Work to be completed =
From the data that follows, set down exactly the lines from the one with "Applications for value frameworks" through the one with "Selecting insurance-benefit options", counting both. Pictures stay out.
═════ Supplied material
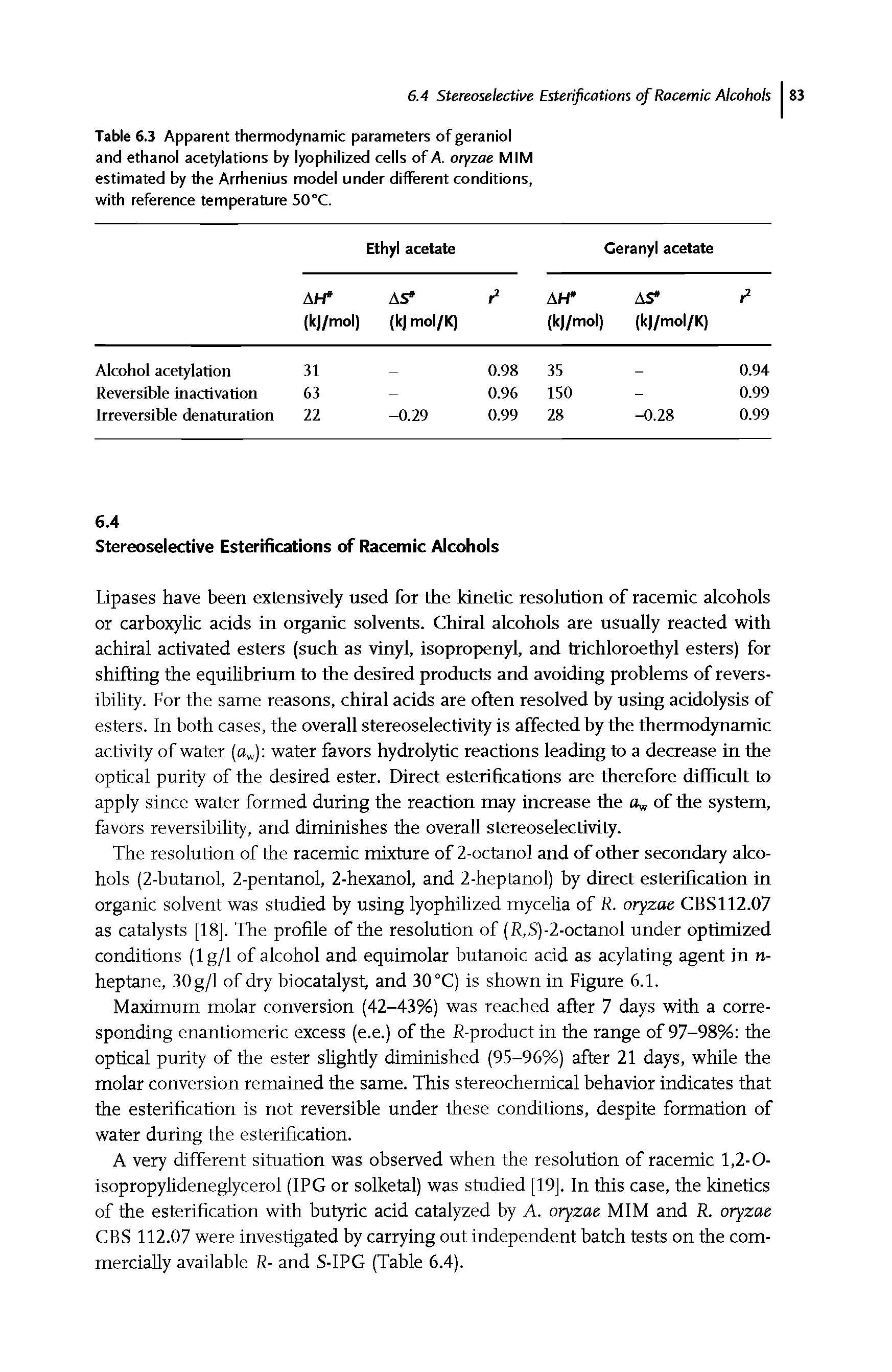 Table 6.3 Apparent thermodynamic parameters of geraniol and ethanol acetylations by lyophilized cells of A. oryzae MIM estimated by the Arrhenius model under different conditions, with reference temperature 50°C.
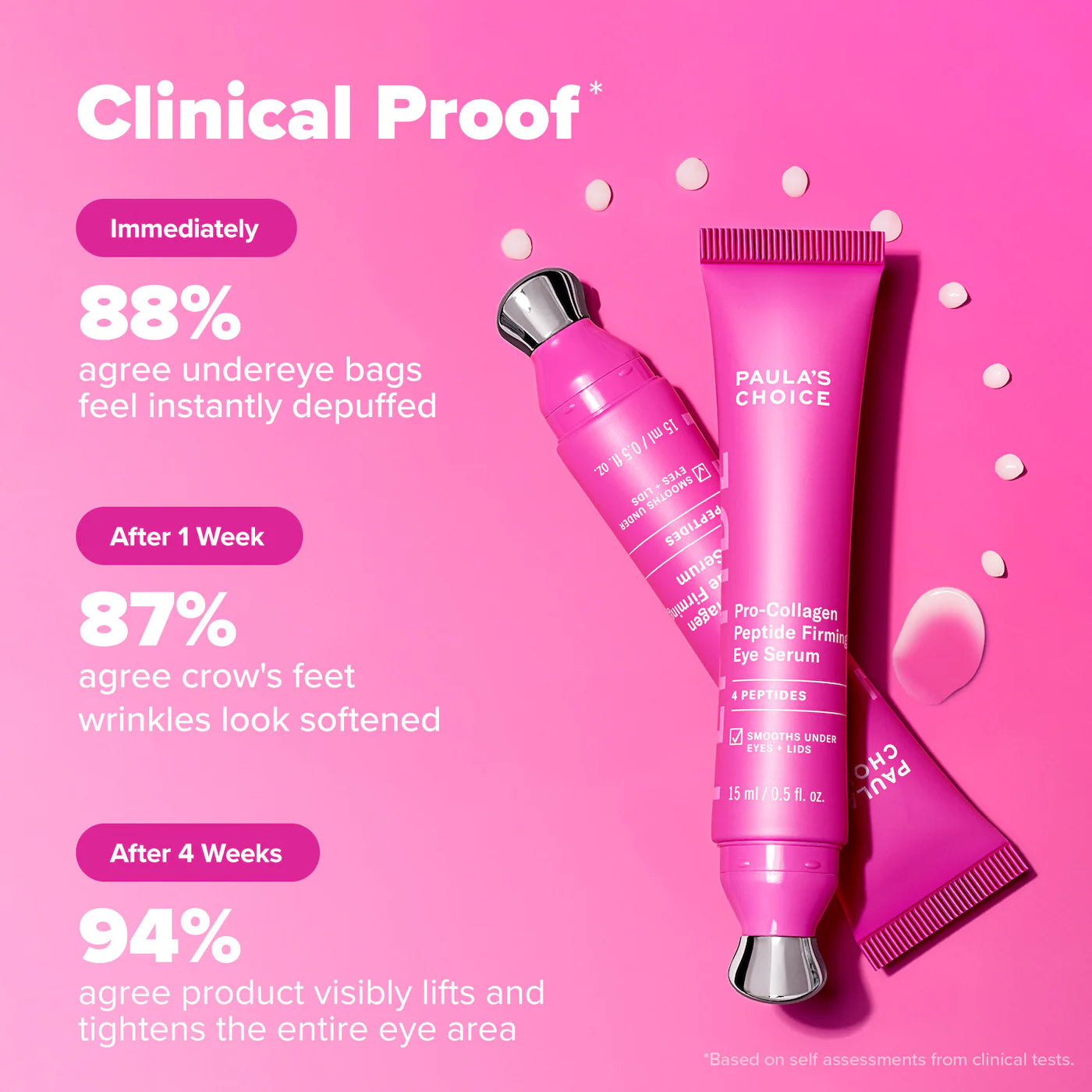 Pre-orden: Paula's Choice | Pro-Collagen Peptide Firming Eye Gel Serum to Depuff & Lift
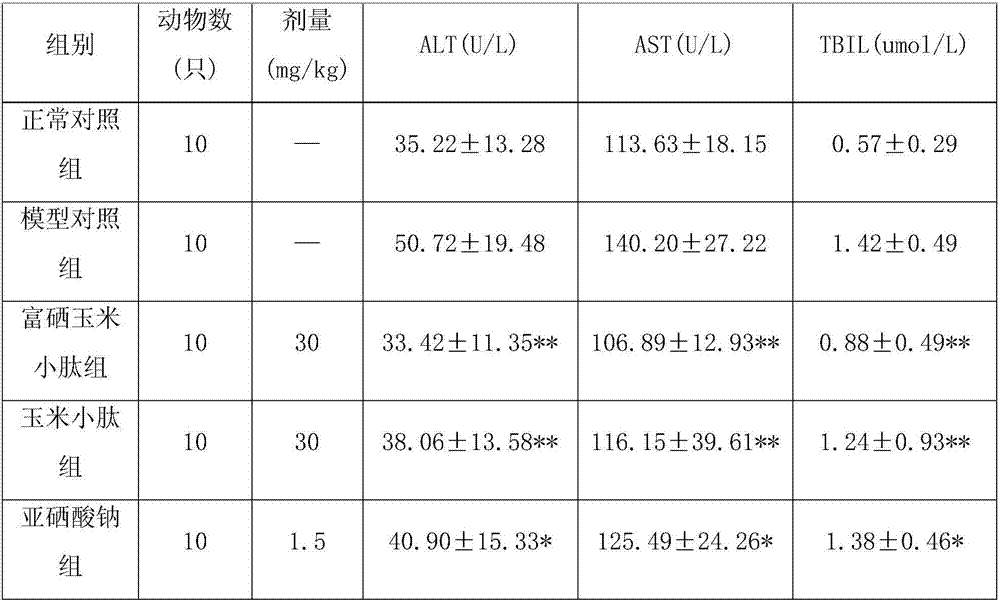 Selenium-rich corn small peptide with liver protection effect and preparation method thereof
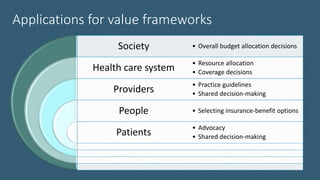 Applications for value frameworks
Society
Health care system
Providers
People
Patients
• Overall budget allocation decisions
• Resource allocation
• Coverage decisions
• Practice guidelines
• Shared decision-making
• Selecting insurance-benefit options
• Advocacy
• Shared decision-making
 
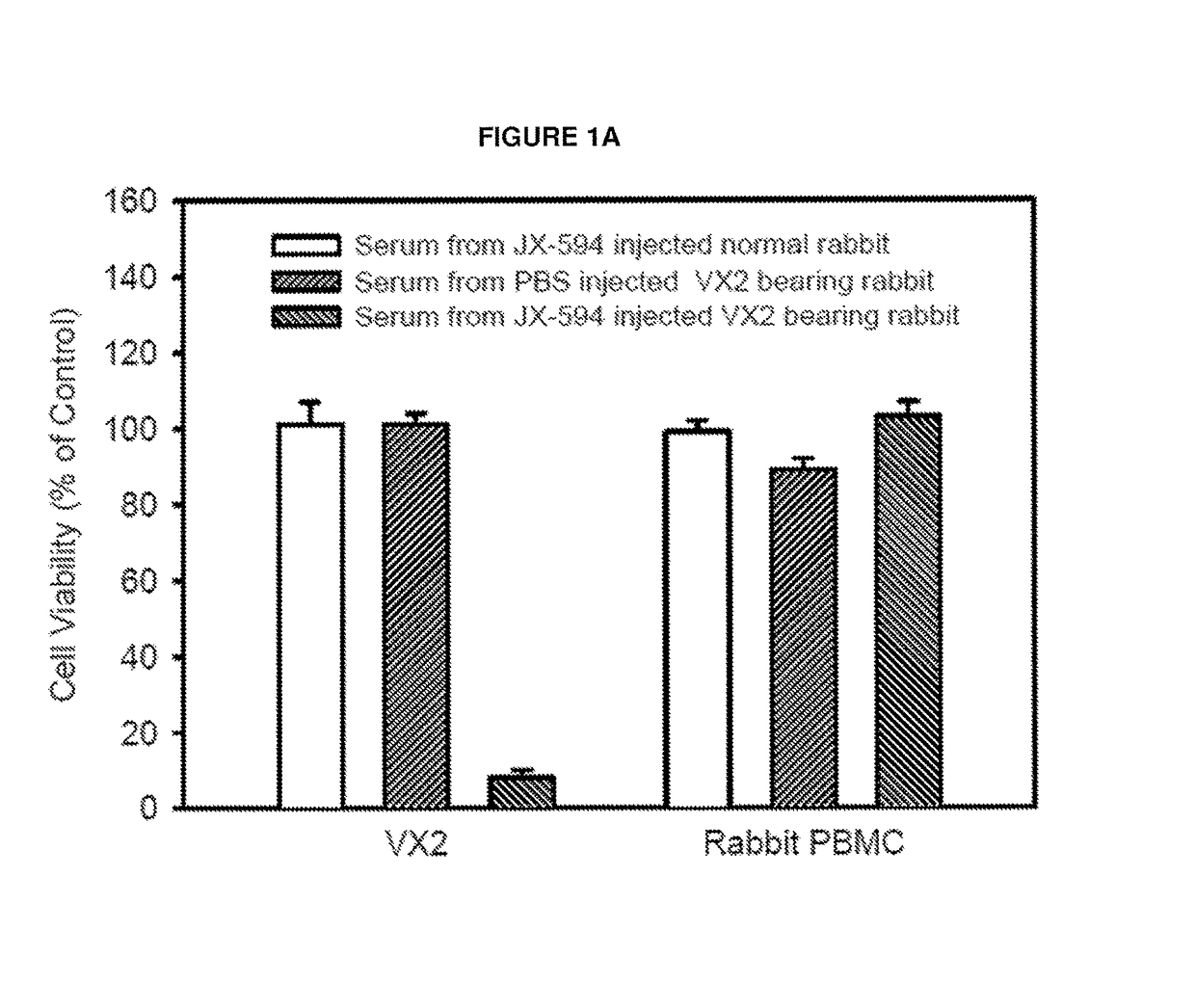 Generation of antibodies to tumor antigens and generation of tumor specific complement dependent cytotoxicity by administration of oncolytic vaccinia virus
══════════
Answer space =
 Applications for value frameworks
Society
Health care system
Providers
People
Patients
• Overall budget allocation decisions
• Resource allocation
• Coverage decisions
• Practice guidelines
• Shared decision-making
• Selecting insurance-benefit options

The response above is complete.